Short descriptive text snippets
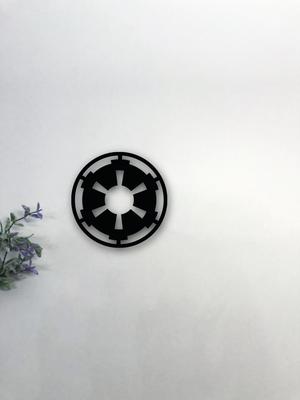 STAR WARS GALACTIC EMPIRE WALL ART 2D WALL DECORATION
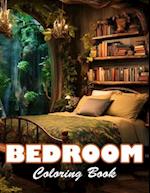 Bedroom Coloring Book for Adults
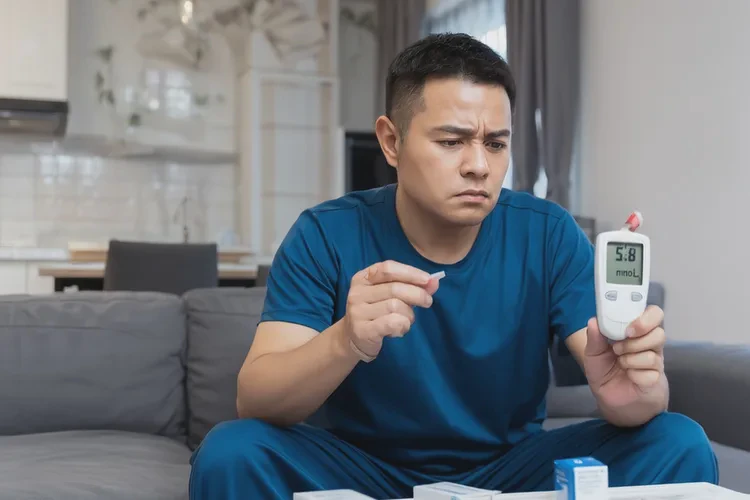 33岁中午血糖30.6是怎么回事(图1)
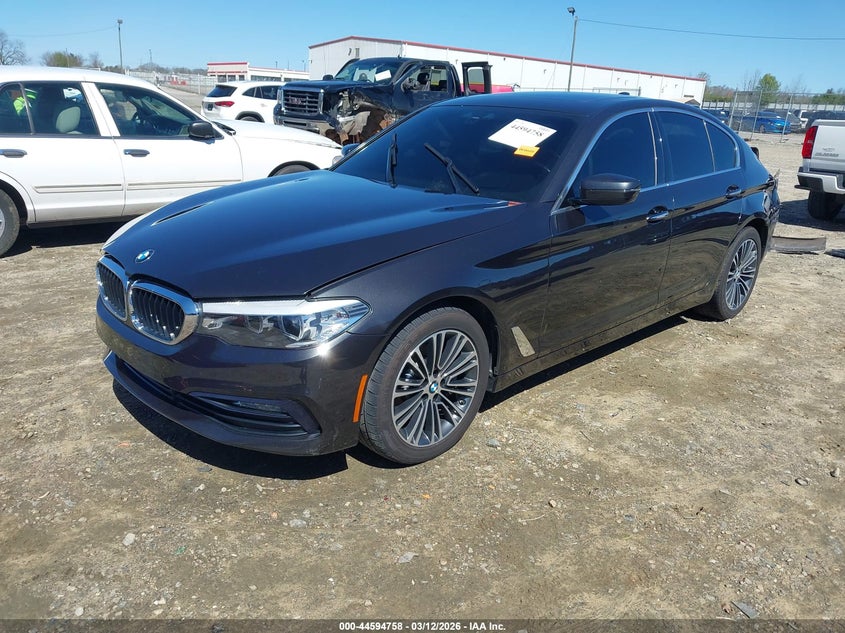 2018 BMW 540I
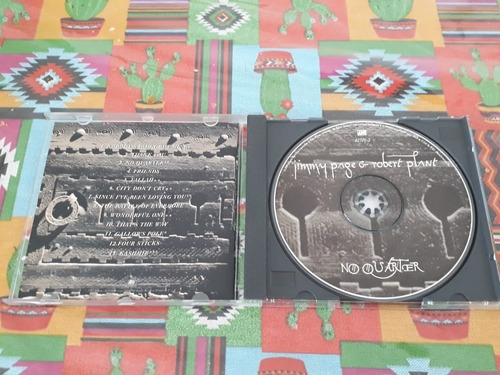 Jimmy Page- Robert Plant - No Quarter (Usado)
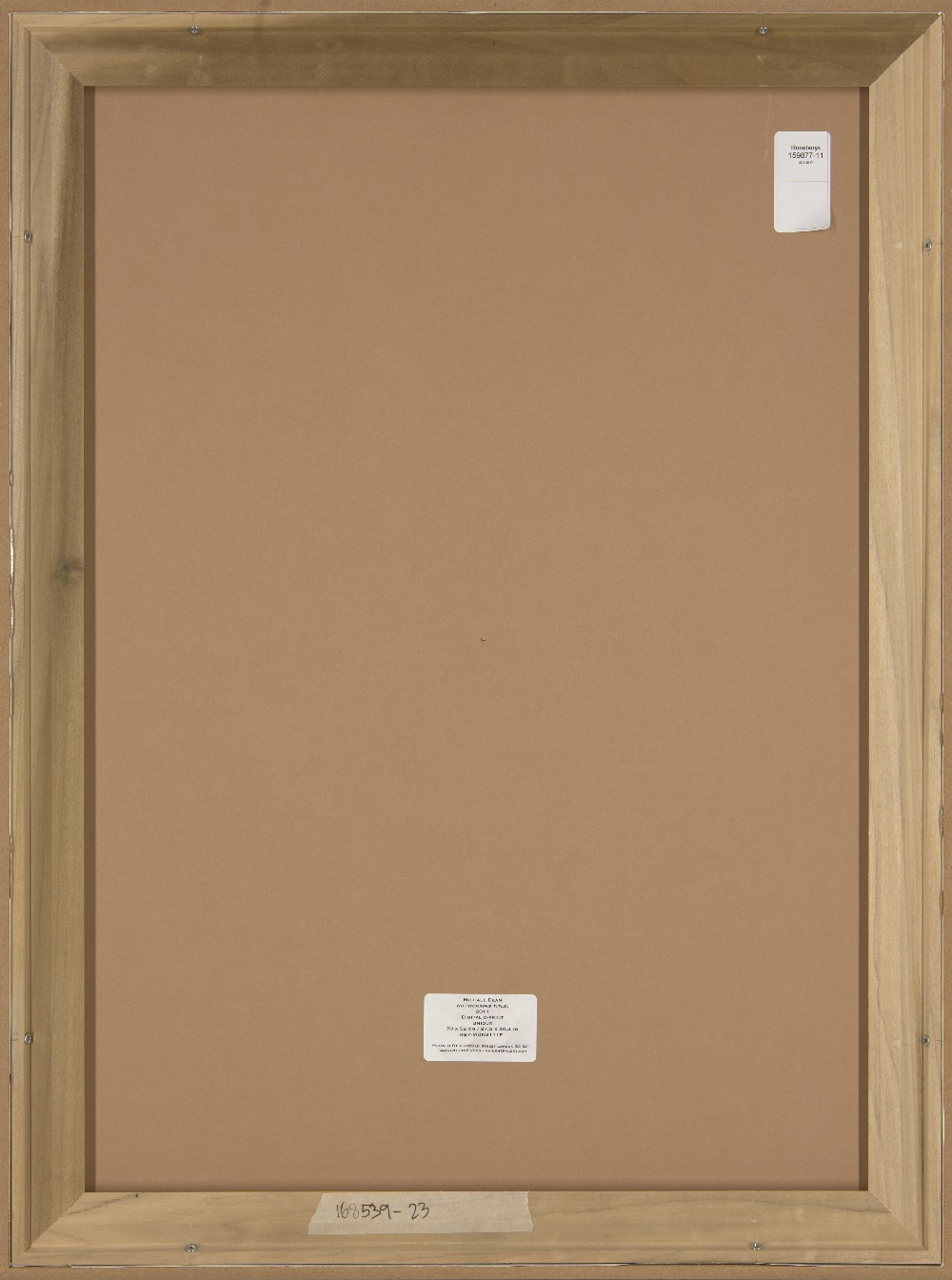 Michael Dean, British b.1977 - No (Working Title), 2011; unique digital c-print, 70 x 52 cm (ARR) - Image 3 of 3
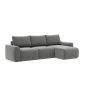 Innovation Living Norum Sofa Bed Chaise With Chunky Arms - stof 563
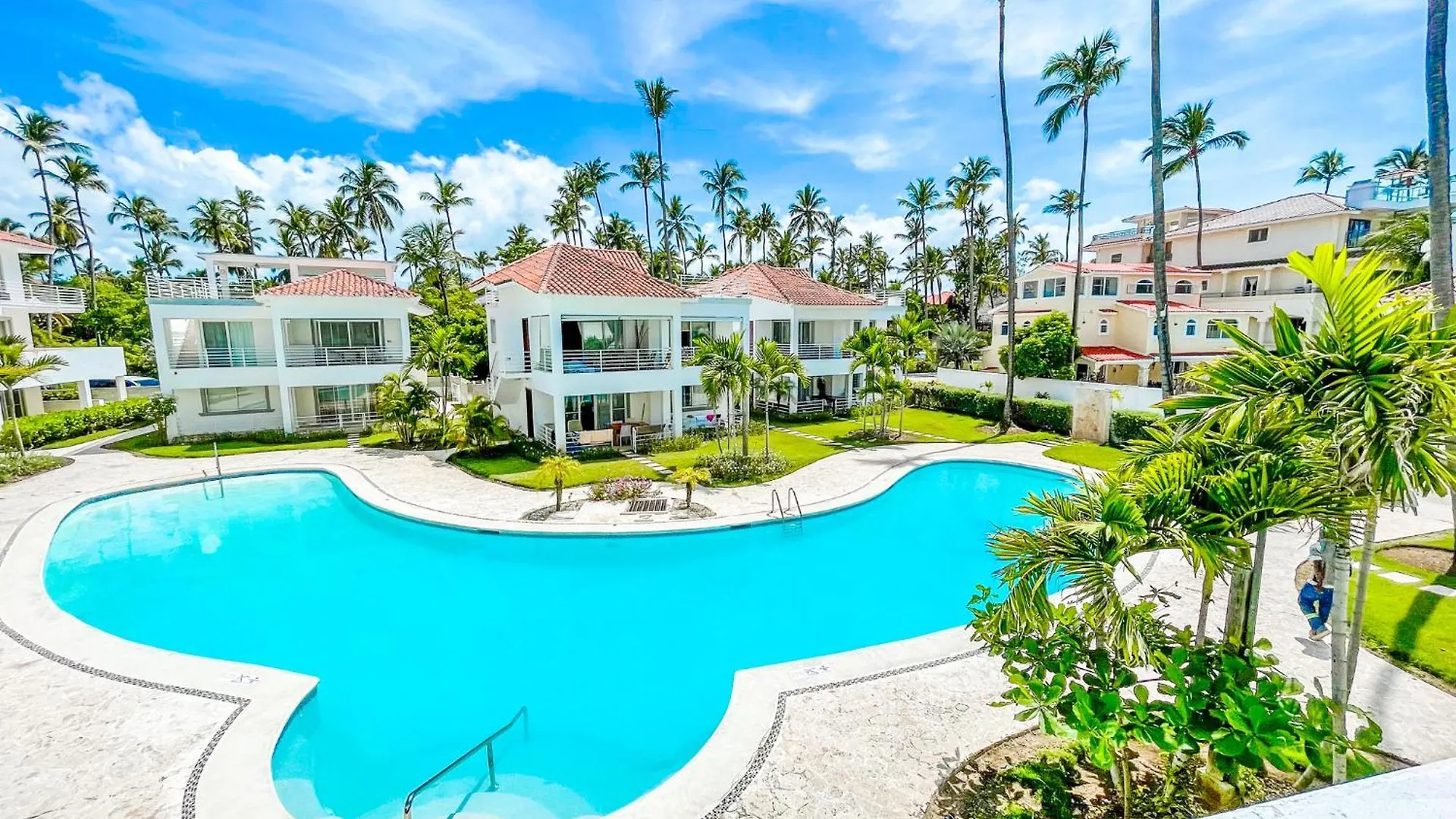 Resort Tropical Villas Beach Club And Spa Bavaro Beach With Wifi Parking Bbq Punta Cana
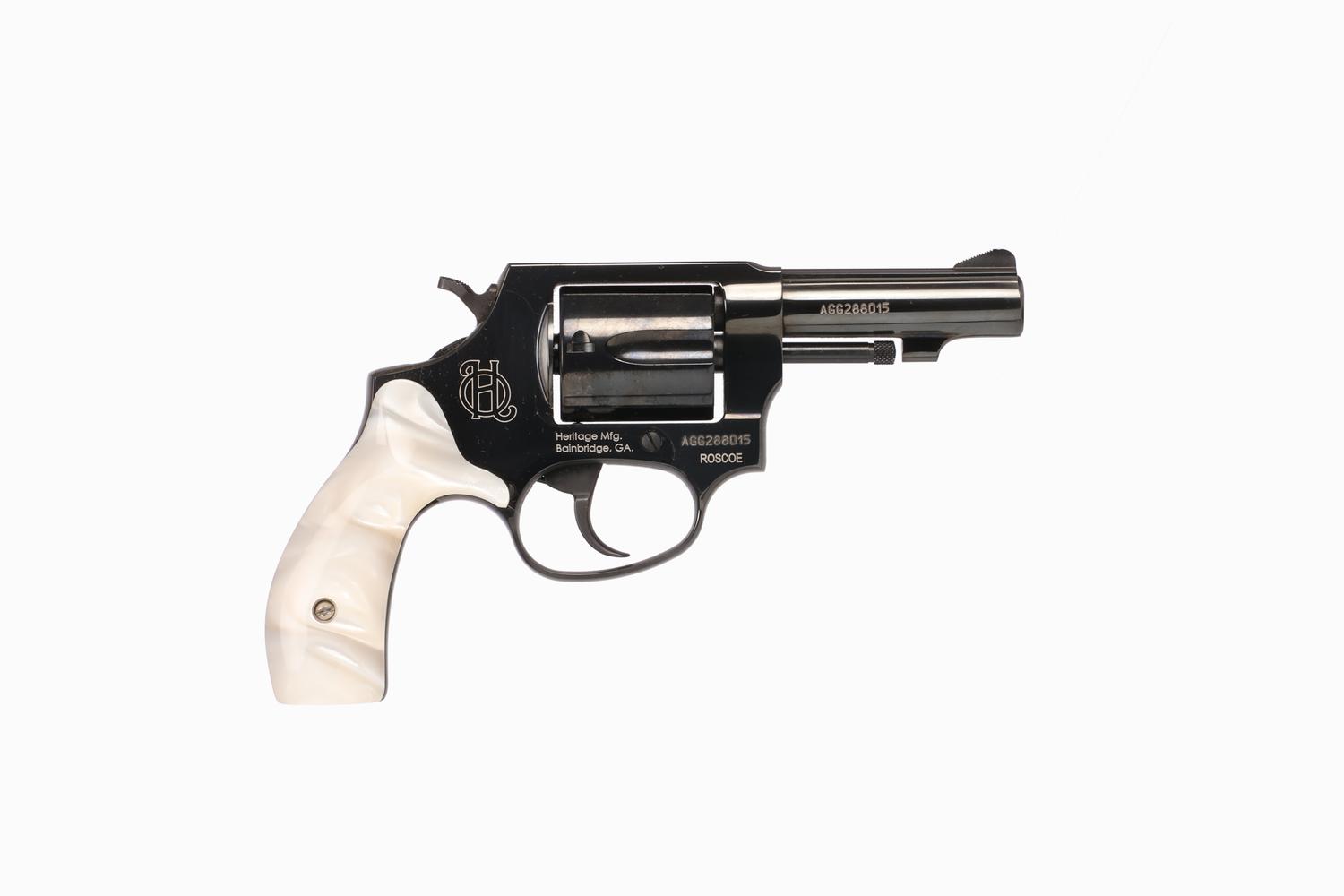 Heritage Roscoe HR38B3WP 38 Special Revolver - Able Ammo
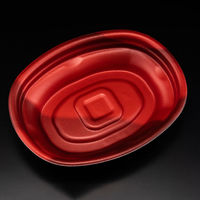 惣菜・スープ容器　ホット ほっこり 20-16B ソワレレッド　400枚(50枚×8) RLFS604　リスパック（直送品）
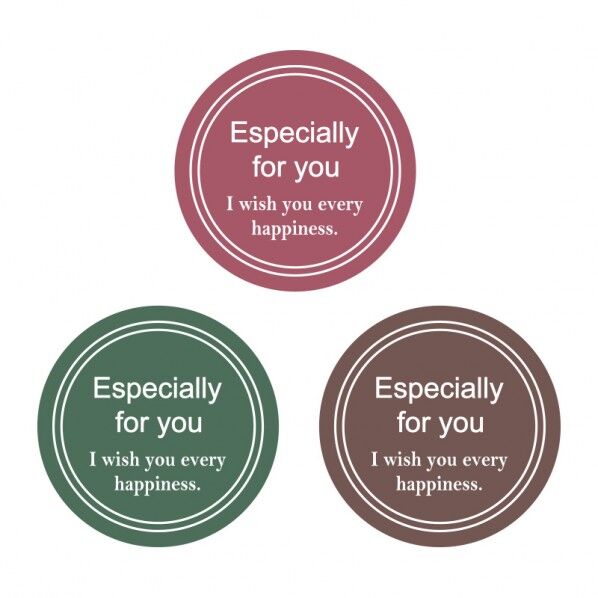 業務用ギフトシール スタイリッシュC ナチュラル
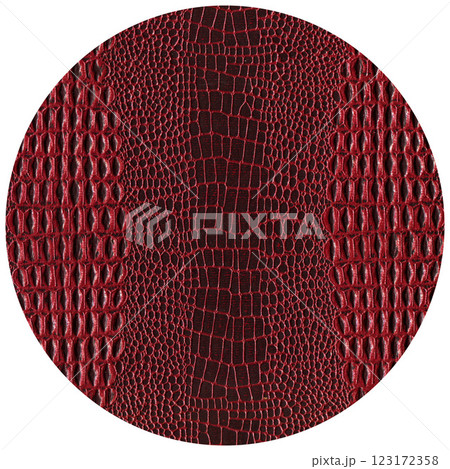 Imitation crocodile skin red and burgundy texture, useful as background for any design work Imitation crocodile skin red and burgundy texture, useful as background for any design work 123172358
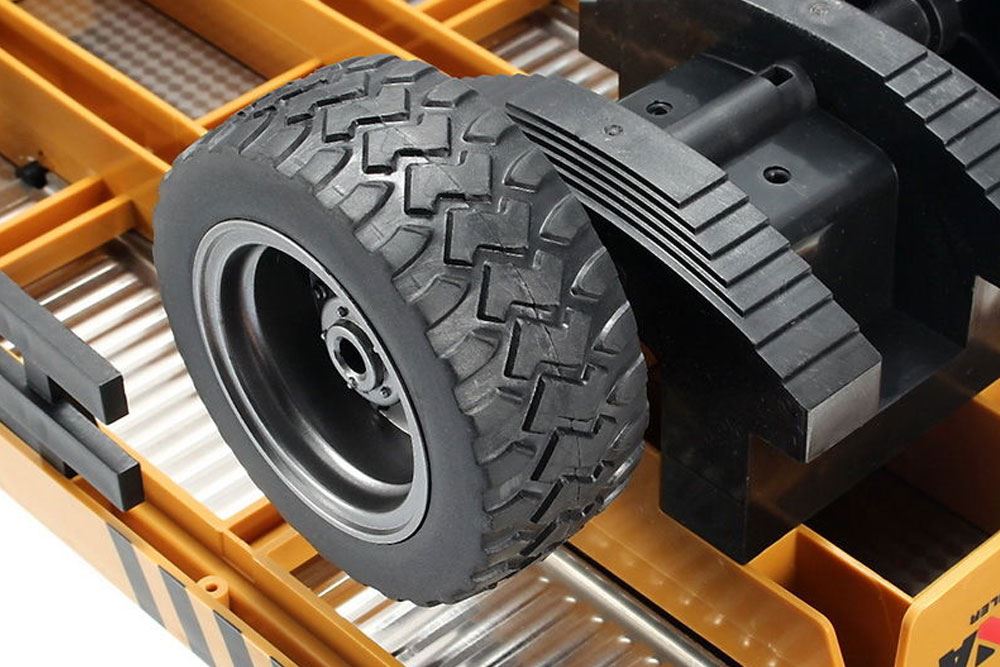 Huina Rc Alloy Flatbed Trailer
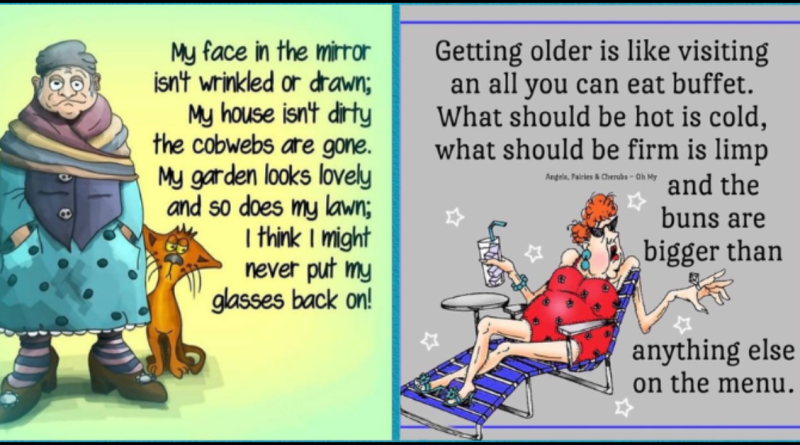 An Old Grandmother Shows Her Thoughts in 20 Fabulous Jokes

## What the task asks
Write each entry again exactly, minus any images.

## Result of this task
 STAR WARS GALACTIC EMPIRE WALL ART 2D WALL DECORATION
 Bedroom Coloring Book for Adults
 33岁中午血糖30.6是怎么回事(图1)
 2018 BMW 540I
 Jimmy Page- Robert Plant - No Quarter (Usado)
 Michael Dean, British b.1977 - No (Working Title), 2011; unique digital c-print, 70 x 52 cm (ARR) - Image 3 of 3
 Innovation Living Norum Sofa Bed Chaise With Chunky Arms - stof 563
 Resort Tropical Villas Beach Club And Spa Bavaro Beach With Wifi Parking Bbq Punta Cana
 Heritage Roscoe HR38B3WP 38 Special Revolver - Able Ammo
 惣菜・スープ容器　ホット ほっこり 20-16B ソワレレッド　400枚(50枚×8) RLFS604　リスパック（直送品）
 業務用ギフトシール スタイリッシュC ナチュラル
 Imitation crocodile skin red and burgundy texture, useful as background for any design work Imitation crocodile skin red and burgundy texture, useful as background for any design work 123172358
 Huina Rc Alloy Flatbed Trailer
 An Old Grandmother Shows Her Thoughts in 20 Fabulous Jokes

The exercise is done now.